24 Hours of Le Mans career
- Years: 1932–1935, 1937–1939, 1949
- Teams: privateer, Écurie Eudel, Ecurie Francia, Gordini
- Best finish: 7th (1935)
- Class wins: 0

= Jean Trévoux =

French racing driver (1905–1981)

Jean Claudius Marie Trévoux (February 27, 1905 – October 29, 1981) was a French racing driver, and winner of four editions of the Monte Carlo Rally.

== Biography ==

Born in Le Petit-Quevilly, Trévoux began his racing career in early 1932 driving a Bugatti and winning the Criterium Paris to Nice race. He also drove a Bentley Blower at the Le Mans 24 Hours that year but crashed out on the first lap.

In 1934, Trévoux took the first of his four wins at Monte-Carlo, as co-driver to Louis Gas.
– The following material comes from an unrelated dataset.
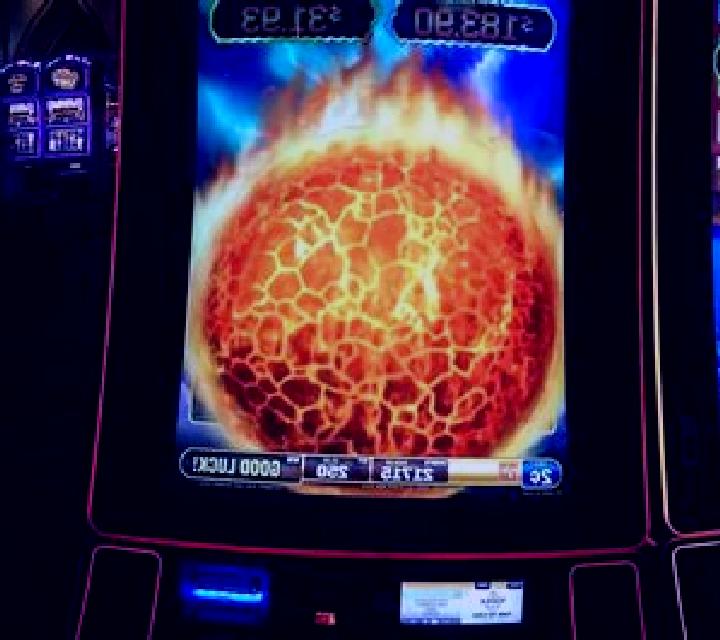 Flamy Fireballs slot machine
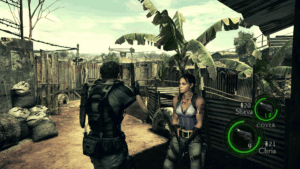 Mecanicas de jogo atualizadas, Resident Evil 5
In 1939, he took a joint win with Joseph Paul. After racing returned following World War II, he claimed two other wins, driving a Hotchkiss and Delahaye 175 respectively.

Trévoux competed in the Rallye du Maroc in 1935 and 1937, and the Criterium International de Tourisme Paris-Nice in 1934. In 1941, he attempted to qualify for the Indianapolis 500.

Trévoux later settled in Mexico during the late 1940s, marrying a Mexican woman and opening a restaurant in Mexico City called Restaurant Bar La Cucaracha.